Using the data that follows, give again word for word the lines between the one holding "Die Elefanten dargestellt" and the one holding "3、香浓奶香玉米汁,玉米洗净掰成玉米粒备用，把泡好的糯米洗净备用", inclusive. Omit the pictures.

## [Dataset]
================================

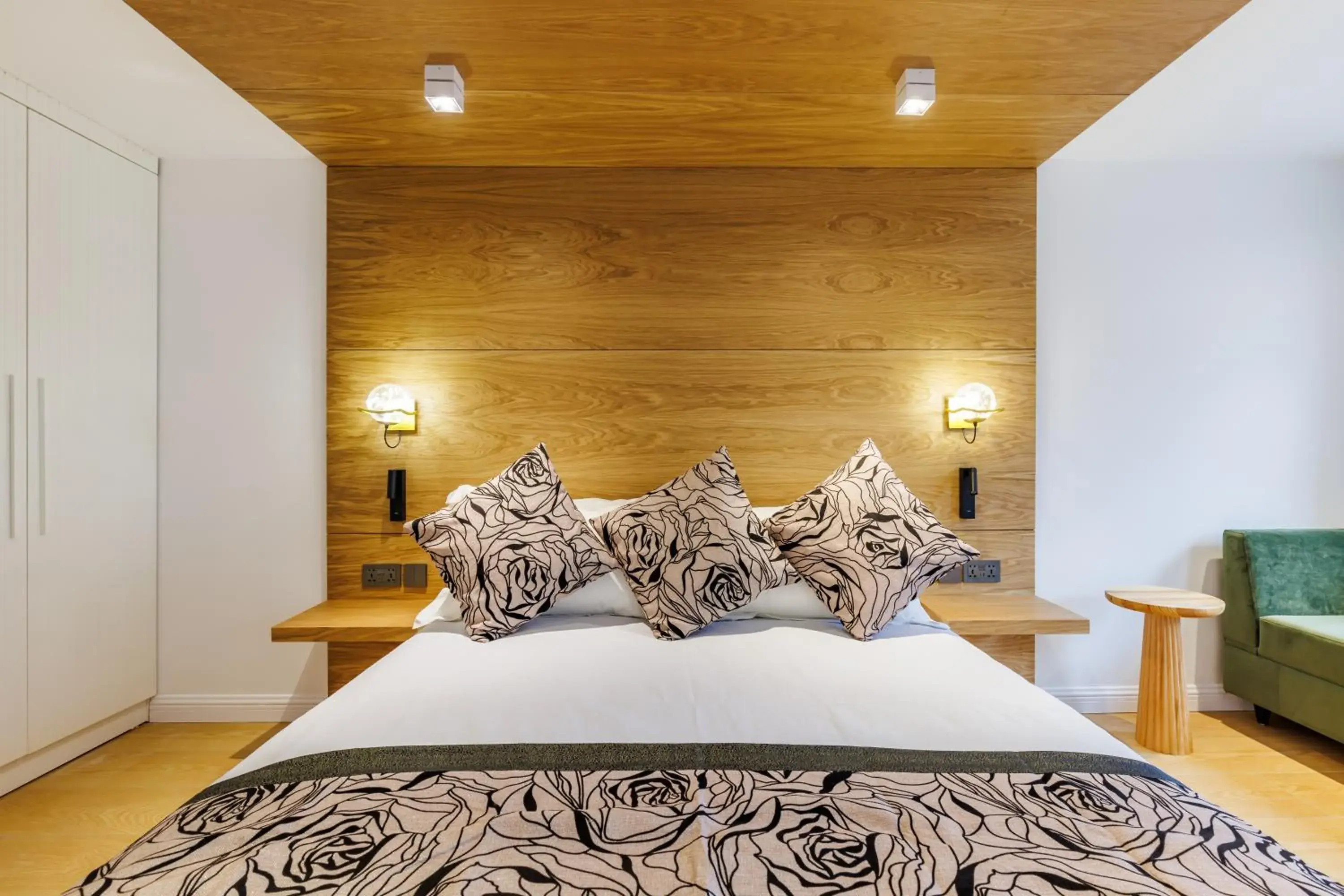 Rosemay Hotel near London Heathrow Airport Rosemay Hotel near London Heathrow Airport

================================

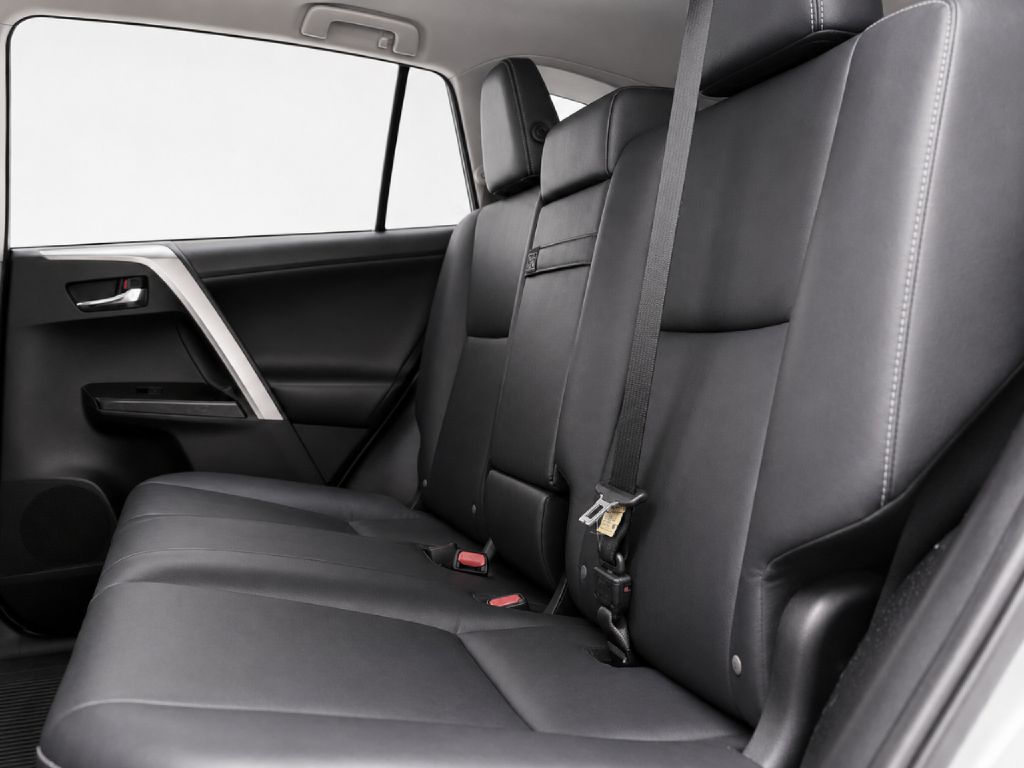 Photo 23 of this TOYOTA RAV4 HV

================================

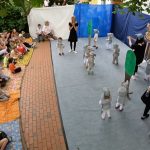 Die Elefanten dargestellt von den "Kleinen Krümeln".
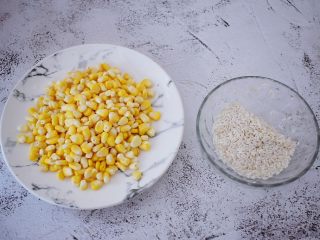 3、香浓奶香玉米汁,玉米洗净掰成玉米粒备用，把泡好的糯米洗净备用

================================

## [Solution for this exercise]
 Die Elefanten dargestellt von den "Kleinen Krümeln".
 3、香浓奶香玉米汁,玉米洗净掰成玉米粒备用，把泡好的糯米洗净备用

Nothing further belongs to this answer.